Observers say Bangladesh’s fall from a moderate Muslim nation in the past decades has been fueled by various factors despite a ban on religion-based politics after independence.
The change began to set in after 1975 when Bangladesh’s founding leader and first president Sheikh Mujibur Rahman was assassinated.
The military regime of Ziaur Rahman lifted the ban. Rahman later founded the Bangladesh Nationalist Party (BNP), the country’s second-largest political party after the ruling Awami League (AL).
Rahman also replaced the constitutional principle of “secularism” with “Absolute Trust and Faith in Almighty Allah” in 1979.
His successor and military ruler H.M. Ershad made Islam state religion as part of incentives to promote Islam to hold on to power until his ouster in a public uprising in the 1990s.
Allowing religion-based politics marked the revival of Islamic political forces, particularly Jamaat-e-Islami, the largest Islamist political party, which opposed Bangladesh’s independence and was accused of war crimes for supporting the Pakistan military by forming Islamic militia forces during the 1971 war.
Since the restoration of parliamentary democracy in 1991, BNP and AL rotated in power.
Jamaat allied with the BNP and formed the government in 1991-96 and 2001-2006.
In 1993, for the first time, former Jamaat secretary general and lawmaker Matiur Rahman Nizami placed a blasphemy bill in the parliament and proposed life sentence for defaming the Quran and the death penalty for insulting Prophet Muhammad. The bill was not eventually passed.
That same year, feminist writer Tasleema Nasreen drew the ire of Islamists after publishing a novel Lojja (Shame), which took a swipe at radical Islam. The book was immediately banned.
Hardline groups issued a fatwa (religious edict) against her and announced a bounty on her head. Nasreen fled to Europe and later settled in India. In 2002, a court sentenced her in absentia to one year in jail for “derogatory remarks about Islam.”
In 2004, a prominent secular writer Humayun Azad was seriously wounded in a machete attack by militants near a venue of the country’s largest annual book fair in Dhaka. Azad survived the attack, but he died in a hotel in Germany under mysterious circumstances.
In 2007, leading Bengali daily Prothom Alo suspended its weekly satire magazine, Alpin, after a cartoon titled “Muhammad” enraged Islamists, sparking street protests.

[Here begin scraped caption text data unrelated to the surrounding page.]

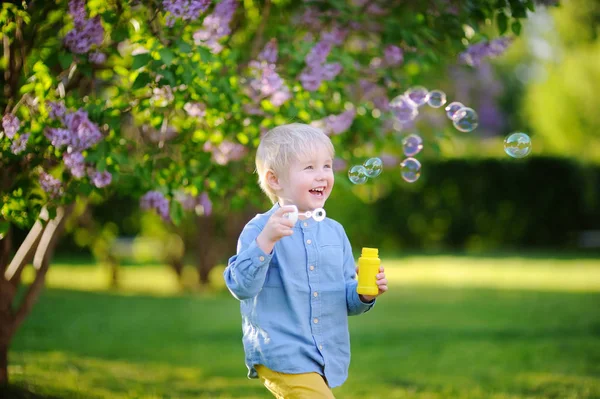 Mignon petit garçon soufflant des bulles de savon dans le beau parc d'été — Photo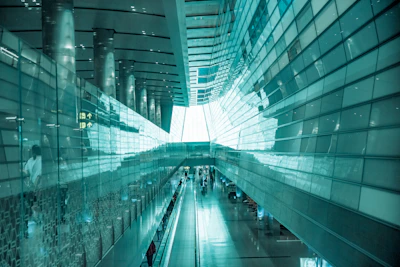 A sleek, futuristic apartment lobby shining with spotless floors and polished surfaces.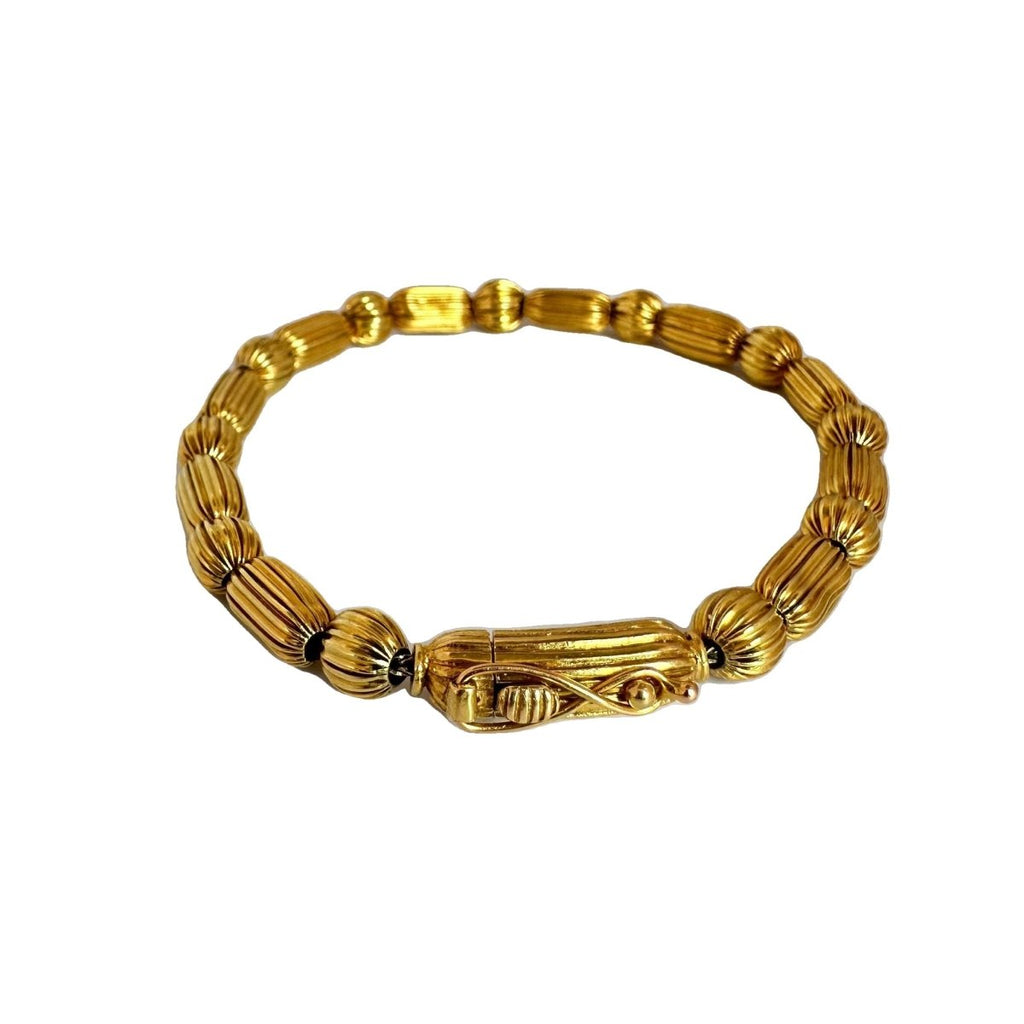 Bracelet LALAOUNIS en or jaune à motifs de godrons - Castafiore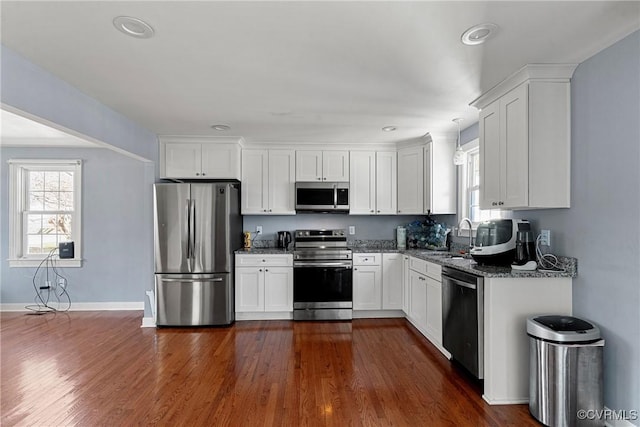 kitchen with appliances with stainless steel finishes, dark stone counters, sink, white cabinets, and dark hardwood / wood-style floors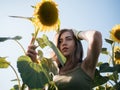 Young woman farmer posing with a harvest of large huge sunflowers in field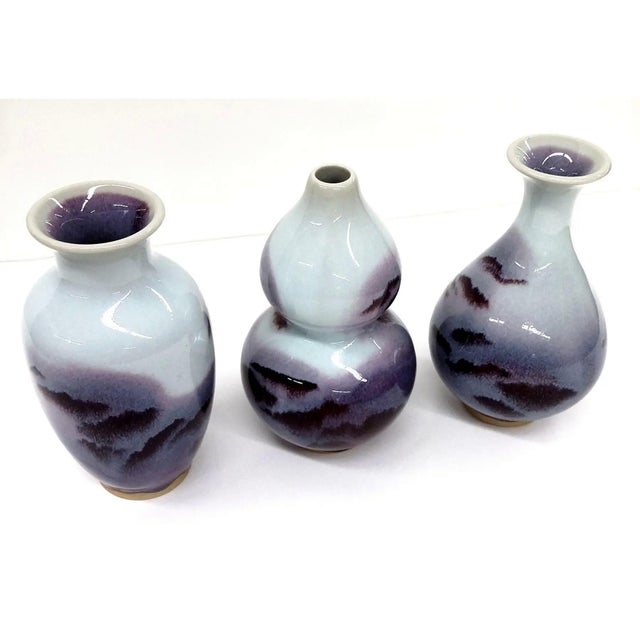 Gorgeous glaze effect on all 3 vases here in this collectible group. There are 3 styles of vases, all in the Chinese...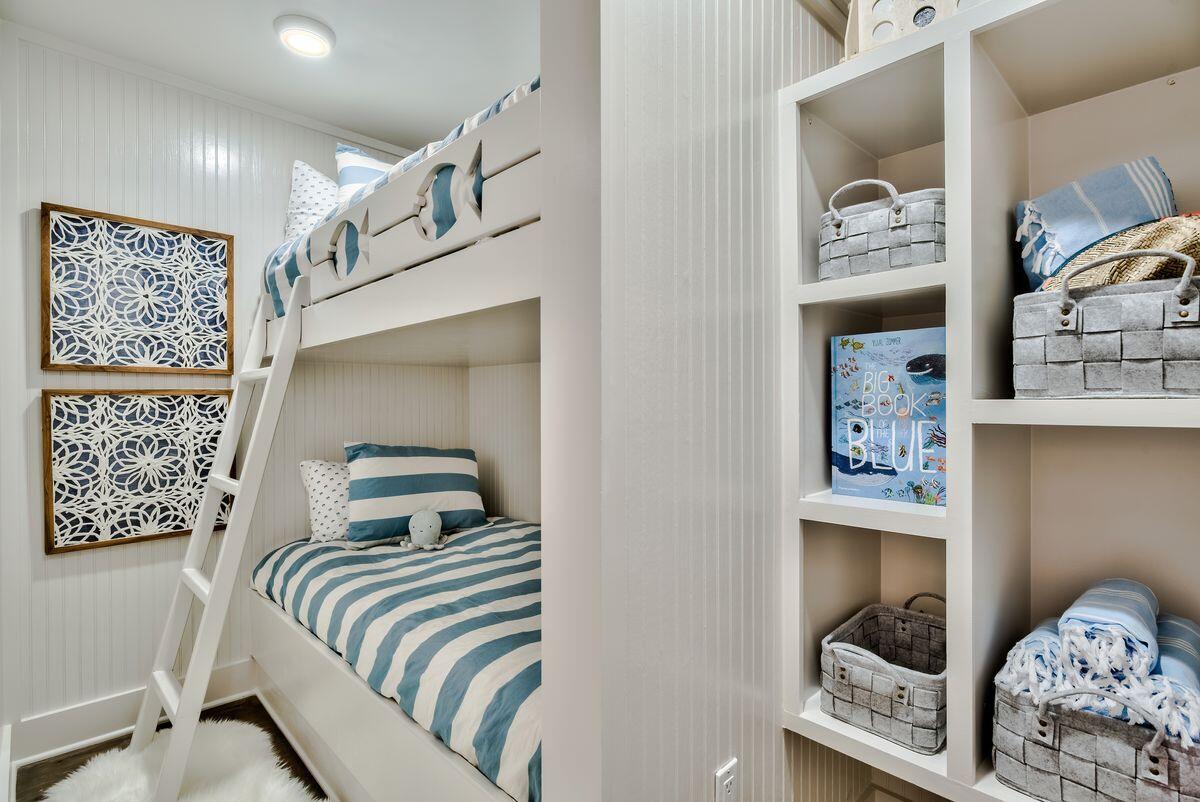337 Bridge Lane, Unit 102B Inlet Beach, FL 32461 - Photo 31 of 50 a bedroom with a bed and wall painting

Meanwhile, the AL, which ruled the country from 1996-2001 and in power since 2009, has been accused of appeasing Islamic hardline groups to solidify its support base in rural Muslim electorates.
In 2011, the AL government amended the constitution to restore “secularism” as a key principle but did not change the state religion Islam despite demands from secular forces and religious minorities.
AL government also recognized a madrasa degree as equivalent to a graduate degree, a move hailed by the Islamists.